Many of you know the Boston Massacre to be an awful event in which the English soldiers slaughtered a large crowd of people for no apparent reason. This picture is very warped.

Allow me to set the record straight …

Background

The French and Indian war had left Britain in terrible straits. With money-making colonies at their disposal, Parliament established import duties on the colonies, called the Townshend Acts.

The colonists were upset by these taxes, and Britain sent soldiers to maintain the peace and enforce the Acts in October 1768. Their presence was not well accepted.

Why Did the Boston Massacre Occur?

On March 5, 1770 there was a party in Boston.  Many people got drunk at this party so a British soldier was doing his duty on patrol, ensuring no one got violent.

As he was walking around a building, a man came out and began harassing him. The soldier tried to defend himself and pushed the man off.  The man began throwing snowballs at him and calling him names, while the soldier did nothing. Many other people came and joined in the mockery. The soldier soon became afraid of what they might do, so he fled for help.

He came back with a group of soldiers. The people just grew more angry and kept throwing snowballs and taunting the soldiers.
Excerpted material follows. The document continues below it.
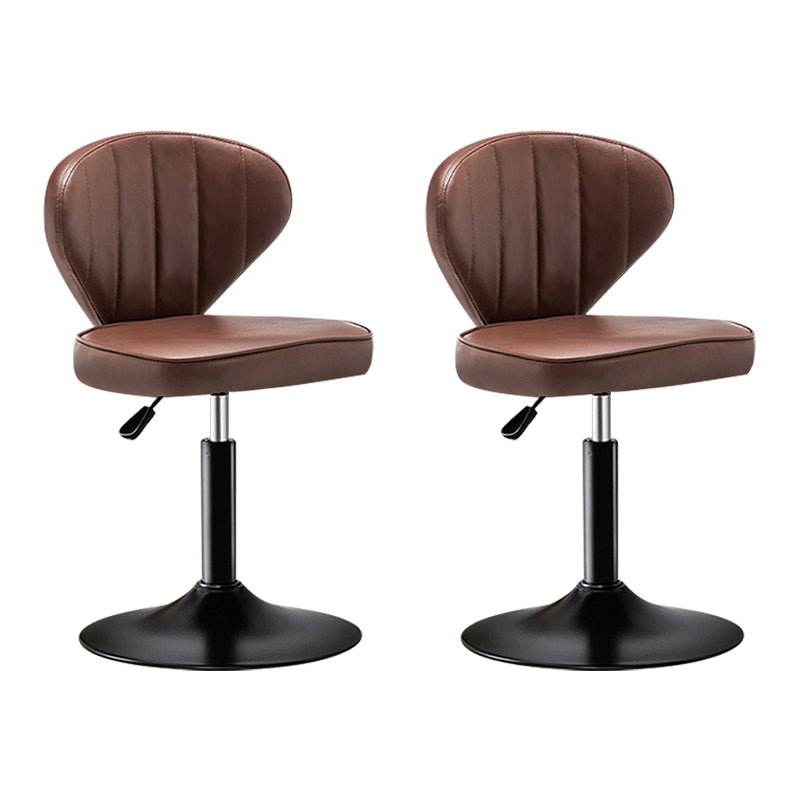 Taburete de bar de acero con respaldo moderno, taburete elevable con cojín de cuero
The soldiers did nothing until they began throwing their clubs and chanting, “Fire, fire; damn you, fire.”

Then something happened that would echo, incorrectly, through the annals of history forever. One of the soldiers was hit in the head with a club, and, as he fell, his weapon discharged. The soldiers thought there had been a command to fire, and they began firing on the crowd.
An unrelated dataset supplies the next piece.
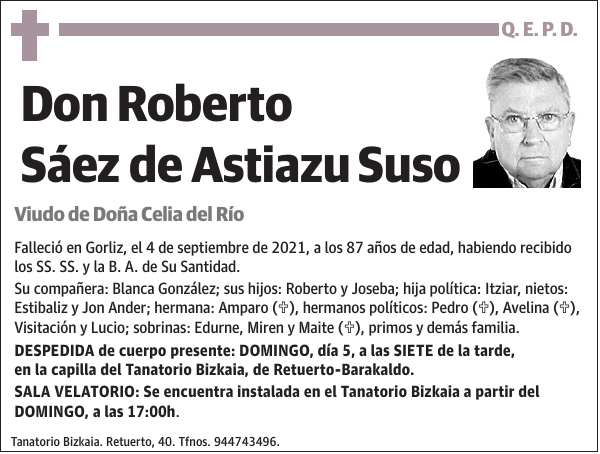 Roberto Sáez de Astiazu Suso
Three men were killed in the riotous crowd that night. Eight were injured, and two of those eight died of their injuries. The British soldiers were then taken to court in Boston, with none other than John Adams as their lawyer!

They were found innocent, then taken to a court in England, found guilty, and severely punished.
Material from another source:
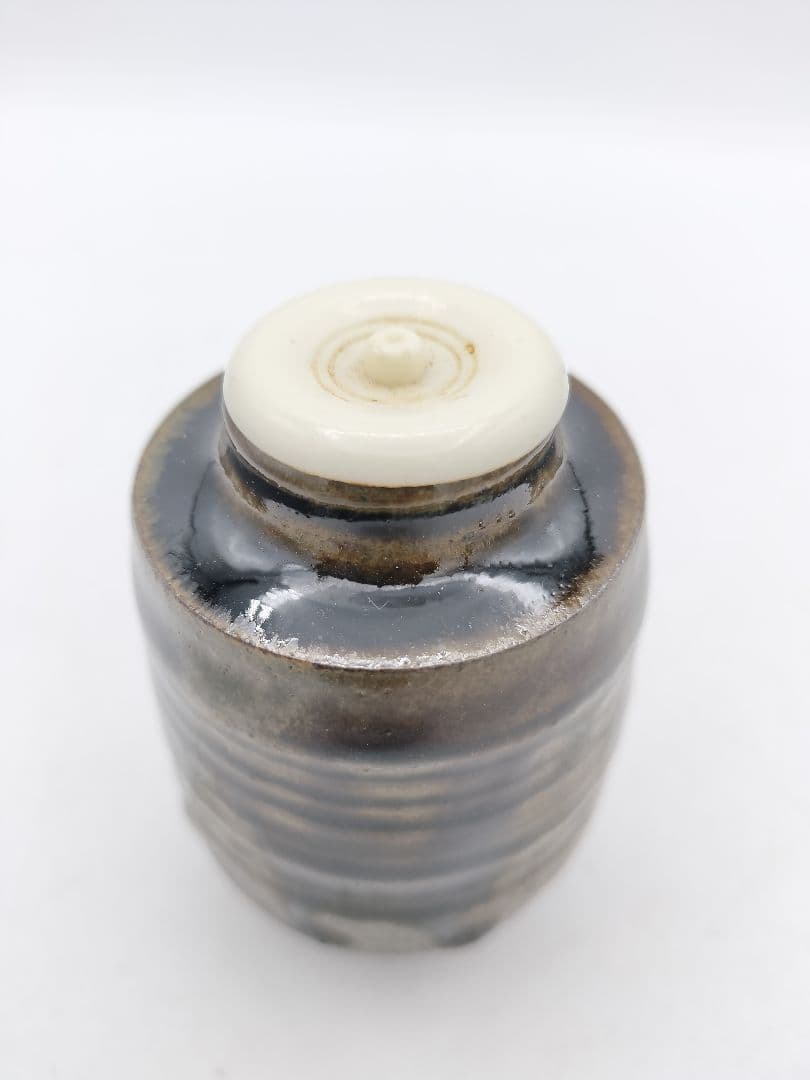 c629 茶入 丹波　藤種緞子 森本陶谷 木箱 茶道具 古物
The event was then publicized as a terrible massacre.

Engraving of the “massacre” by Paul Revere, either plagiarized or borrowed with permission from a design by Henry Pelham. It was published under the title, “The Fruits of Arbitrary Power, or the Bloody Massacre.”

The engraving reads …

“Unhappy Boston! See thy sons deplore,
Thy Hallow’d Walks, besmear’d with guiltless Gore:
While faithless P&mdash—n and his savage Bands,
With murd’rous Rancour stretch their bloody Hands;
Like fierce foofooians grinning o’er their Prey,
Approve the Carnage, and enjoy the Day.
If scalding drops from Rage from Anguish Wrung
If speechless Sorrows lab’ring for a Tongue,
Or if a weeping World can aught appease
The plaintive Ghosts of Victims such as these;
The Patriot’s copious Tears for each are shed,
A glorious Tribute which embalms the Dead
But know, Fate summons to that awful Goal
Where Justice strips the Murderer of his Soul:
Should Venal C——ts the scandal of the Land,
Snatch the relentless Villain from her Hand,
Keen Execrations on this Plate inscrib’d,
Shall reach a Judge who never shall be brib’d.”

From there the story was blown up, stretched out, exaggerated, and warped so that the colonists could have one more thing to blame the king for. The picture above, painted (and probably plagiarized) by Paul Revere, was shown to the nation. It was completely inaccurate.